First things first: regulation. Hedge fund managers are not regulated like stock brokers, so you won't need a Series 7 license to trade on behalf of investors. A Series 7 license is the license that authorizes brokers to place trades on stock exchanges.
What you will need is a Series 65 license. That's because the work of a hedge fund manager qualifies as giving investment advice. Most states will require you to register as an independent investment adviser, pass the Uniform Investment Adviser Law Examination, and get a Series 65 license. If you have more than $30 million worth of assets under your control, you'll also need to register as an investment adviser at the federal level.
There's some additional licensure to consider if you're planning to invest in commodities or any other type of futures. Now, you'll be required to sit the Series 3 exam, which is administered by the National Futures Association. You're about to hire a good law firm to prepare your private placement paperwork, so have your legal team check the licensing requirements for your state before you hang your name on the door.

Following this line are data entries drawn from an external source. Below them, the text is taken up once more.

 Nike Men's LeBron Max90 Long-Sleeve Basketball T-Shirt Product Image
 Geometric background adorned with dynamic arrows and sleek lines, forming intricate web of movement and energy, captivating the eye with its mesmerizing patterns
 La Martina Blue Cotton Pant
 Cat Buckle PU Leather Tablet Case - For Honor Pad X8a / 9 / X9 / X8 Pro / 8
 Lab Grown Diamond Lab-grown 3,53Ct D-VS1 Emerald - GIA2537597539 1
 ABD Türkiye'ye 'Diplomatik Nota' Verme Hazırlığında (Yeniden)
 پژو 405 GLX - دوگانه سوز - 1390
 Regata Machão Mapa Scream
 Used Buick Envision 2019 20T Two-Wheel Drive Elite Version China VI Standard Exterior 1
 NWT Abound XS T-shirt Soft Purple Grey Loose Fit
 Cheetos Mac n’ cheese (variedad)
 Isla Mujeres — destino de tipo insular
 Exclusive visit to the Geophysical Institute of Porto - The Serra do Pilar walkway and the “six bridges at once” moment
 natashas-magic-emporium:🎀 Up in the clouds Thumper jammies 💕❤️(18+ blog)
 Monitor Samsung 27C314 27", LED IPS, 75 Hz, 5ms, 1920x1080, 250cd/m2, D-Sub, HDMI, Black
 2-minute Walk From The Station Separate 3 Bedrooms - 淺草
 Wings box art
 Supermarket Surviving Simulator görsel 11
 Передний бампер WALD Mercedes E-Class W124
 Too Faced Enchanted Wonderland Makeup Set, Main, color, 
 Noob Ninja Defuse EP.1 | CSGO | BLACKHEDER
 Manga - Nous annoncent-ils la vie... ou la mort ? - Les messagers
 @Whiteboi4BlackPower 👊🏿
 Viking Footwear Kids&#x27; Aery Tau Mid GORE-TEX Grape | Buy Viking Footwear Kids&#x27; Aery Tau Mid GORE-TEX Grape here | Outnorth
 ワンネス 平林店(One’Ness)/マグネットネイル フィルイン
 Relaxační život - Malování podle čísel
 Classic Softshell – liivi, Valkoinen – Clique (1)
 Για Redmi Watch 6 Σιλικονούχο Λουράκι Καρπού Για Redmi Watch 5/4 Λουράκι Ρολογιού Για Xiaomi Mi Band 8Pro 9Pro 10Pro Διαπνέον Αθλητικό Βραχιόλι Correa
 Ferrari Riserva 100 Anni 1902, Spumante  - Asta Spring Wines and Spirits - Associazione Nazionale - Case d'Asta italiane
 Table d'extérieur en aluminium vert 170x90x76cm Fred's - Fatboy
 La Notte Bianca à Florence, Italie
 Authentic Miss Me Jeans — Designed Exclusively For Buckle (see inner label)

What Should You Do Before You Start a Hedge Fund?
By far, the easiest way to start a hedge fund is to work at a big-name shop that everyone knows, get a track record of delivering great returns, earn a few million dollars in startup capital and then spin out on your own with your boss's blessing – and possibly some of his money invested in your fund. In reality, not everyone has followed this path.
Running a hedge fund is far different than playing the stock market in your spare time. If you haven't already, take some time to educate yourself in how this risky and potentially lucrative field works. The classic hedge fund is called a "long/short," which means buying shares you think will rise and "shorting" those you think will fall. You'll be borrowing shares from a broker and selling them in the open market, in the hope that you can buy them back for a lower price, return them to the broker and pocket a tidy profit along the way.
Other strategies are much more sophisticated. If you're planning to operate a hedge fund based on event-driven investing, emerging markets or arbitrage, you need to know what you're talking about so you can explain your value proposition to investors.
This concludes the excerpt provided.